台湾の人々は薄煕来氏を「大陸の馬英九」と呼び、西側諸国では彼を「政界のホープ」と呼ぶ。江は第18回党大会(18大)で彼を政治局常務委員入りさせ、周永康の後任として政法委の責任を負ってもらうと計画。しかし元来、荒事を好み残酷無情な薄氏は、重慶市に左遷されると、政治生命を賭けた反撃を開始した。

薄はまず腹心の王立軍を利用し、前任の重慶市党委書記・賀国強と汪洋の部下で公安局長を歴任した文強を打倒した。また、これを通じて賀と汪の弱みを得た後、胡錦濤と温家宝に対し、薄の妻・谷開來の汚職に対する調査を中止するよう迫った。また、薄は、これを政治資本として利用し、18大で政治局常務委員入りを果たし、より多くの利益を得ようと考えた。さらに薄は「暴力団掃討」運動の中で太子党の利益にも触れた。これは前人民代表大会委員長・彭真の息子と最高人民裁判所法院長の息子および_deng_小平の息子など、多くの重要人物の怒りを買い、太子党内での孤立を自ら招いた。また、薄は優れたプロパガンダを利用し、市民の支持を得るために「唱紅打黒」(革命ソングーをうたい、暴力団・汚職を一掃する)キャンペーンを画策した。

 薄煕来の背後にいる江沢民と周永康

薄煕来がこのように大々的にゲームの規則を無視して胡錦濤に挑戦するためには、権強力な後ろ盾が必要だ。軍隊(軍事委員会)と公安検察司法(政法委)からの支持は最も望ましい。現在の最高指導部では9人の政治局常務委員が「集団指導」体制を成し、それぞれが国家の一分野を掌握している。だが、薄は全国的に軍隊や公安・検察・司法分野一つも統制していなかった。
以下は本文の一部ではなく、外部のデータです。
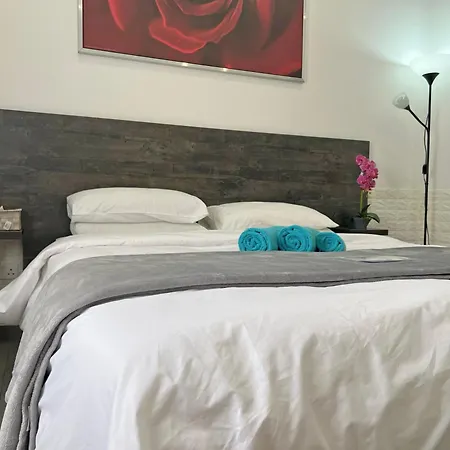 Pensión Apollo By Albert's 3*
にもかかわらず、あえて胡に挑戦した彼の度胸と実力はどこに由来していたのだろうか? 薄氏は3年もこの挑戦を続けた。その答えは、江沢民と周永康が、薄の後ろ盾であったためであり、そのため薄はこのような行動を起こすことができた。そして、この一連のシナリオを描いた人物こそ、かつての摂政・曽慶紅だ。

曽慶紅にとって、陳良宇(江沢民の腹心で前上海市委書記。派閥闘争で肃清された)や薄煕来は事実上、皆手先に過ぎない。17大前に陳良宇は、胡・温のマクロ経済統制政策に挑戦して、胡・温の神経を逆なでした。その機を利用し、曽は胡に圧力をかけ「一下三上」(曽氏の退任条件として、江沢民派で味方の習近平、賀国強、周永康の3人を政治局常務委員に入れる)に同意するよう強要した。曽氏は17大政治局常務委員に江沢民派が6人を占めて6対3の優勢を保つようにした。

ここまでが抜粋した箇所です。